Commentary by Will Jimeno, Scott Strauss, John Bushing and Paddy McGee: This, on the other hand, is a great track. Jimeno, who comes across as an extremely affable guy, dominates the proceedings, while Strauss, Bushing, and McGee (three of the principal rescuers) primarily chime in during the final act of the film. The participants repeat some of the information found in the other supplements, but that doesn't really detract from the commentary's overall quality.
The Making of World Trade Center (54 minutes) is an excellent look at the film's creation. Viewable as one long documentary or in three separate sections, this covers the project from its conception right on through shooting and postproduction. Most of the principals are featured in interviews segments and production footage.
Nine Extended Deleted Scenes (18 minutes total): Several of these bits were expendable, although I think the film would have benefited from the inclusion of the extended roll call and the scene in which John and Will first think they are about to be rescued. Stone provides optional commentary for these scenes.

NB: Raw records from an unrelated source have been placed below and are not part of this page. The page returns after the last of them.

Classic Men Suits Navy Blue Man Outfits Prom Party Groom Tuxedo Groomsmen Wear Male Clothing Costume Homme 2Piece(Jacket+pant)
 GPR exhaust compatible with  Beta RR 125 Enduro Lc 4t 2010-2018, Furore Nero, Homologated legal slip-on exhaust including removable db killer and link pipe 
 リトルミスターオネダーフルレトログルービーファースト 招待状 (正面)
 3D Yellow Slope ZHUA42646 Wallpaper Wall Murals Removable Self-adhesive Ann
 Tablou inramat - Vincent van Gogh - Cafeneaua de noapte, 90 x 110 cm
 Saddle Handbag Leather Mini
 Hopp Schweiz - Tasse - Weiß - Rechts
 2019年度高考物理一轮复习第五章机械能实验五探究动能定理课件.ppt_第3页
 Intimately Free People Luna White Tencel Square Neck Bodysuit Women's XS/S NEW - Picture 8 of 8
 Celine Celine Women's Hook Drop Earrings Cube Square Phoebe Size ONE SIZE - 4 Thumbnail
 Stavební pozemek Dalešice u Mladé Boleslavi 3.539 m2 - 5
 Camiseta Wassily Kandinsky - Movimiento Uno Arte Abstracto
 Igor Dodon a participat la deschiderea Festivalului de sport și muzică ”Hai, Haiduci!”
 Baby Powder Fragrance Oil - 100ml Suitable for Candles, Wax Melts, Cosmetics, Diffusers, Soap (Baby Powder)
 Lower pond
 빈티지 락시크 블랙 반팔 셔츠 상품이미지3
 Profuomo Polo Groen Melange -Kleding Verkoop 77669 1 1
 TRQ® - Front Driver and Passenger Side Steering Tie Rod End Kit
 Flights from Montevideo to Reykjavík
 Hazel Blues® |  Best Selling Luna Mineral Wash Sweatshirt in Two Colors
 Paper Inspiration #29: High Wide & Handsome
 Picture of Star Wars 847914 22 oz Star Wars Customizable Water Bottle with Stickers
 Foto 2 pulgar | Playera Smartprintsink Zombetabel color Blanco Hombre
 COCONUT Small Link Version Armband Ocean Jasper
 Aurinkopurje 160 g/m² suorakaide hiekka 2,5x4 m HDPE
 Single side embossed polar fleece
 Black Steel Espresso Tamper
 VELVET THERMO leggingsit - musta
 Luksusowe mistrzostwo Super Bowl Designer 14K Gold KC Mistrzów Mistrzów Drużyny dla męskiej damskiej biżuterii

The following supplements (many of them featured in high def) comprise Disc Two:
Common Sacrifice (55 minutes) deals with John and Will's rescue and recovery, only this time the story is told by the people who lived it. It also goes beyond the events depicted in the film, chronicling John's lengthy rehabilitation. In addition to interviews with John and Will, this documentary features input from their wives, family members, friends, and the various medical professionals who treated them.
Building Ground Zero (25 minutes): Production Designer Jan Roelfs and his team detail the design and construction of the film's primary set. They also discuss the difficulties of shooting in the enclosed space.
Visual and Special Effects (12 minutes) covers the film's GC and practical effects.
Oliver Stone's New York (24 minutes): The director discusses his childhood in New York and how it shaped him and continues to influence him. His days in film school at NYU are also touched upon.
Q&A with Oliver Stone (13 minutes) is an excerpt from an installment of the British Academy of Film and Television Arts' David Lean Lecture Series. Stone discusses his intent and hopes for the film and also expresses his opinions on several topics tangentially related to the film, including the politicization of the resulting war and the co-opting of faith in America. (If you're looking for Stone to really let loose, this is as close as you'll get on this release.)
A photo gallery features (if I counted correctly) 55 production stills.
Rounding out the extras are the theatrical trailer and four TV spots.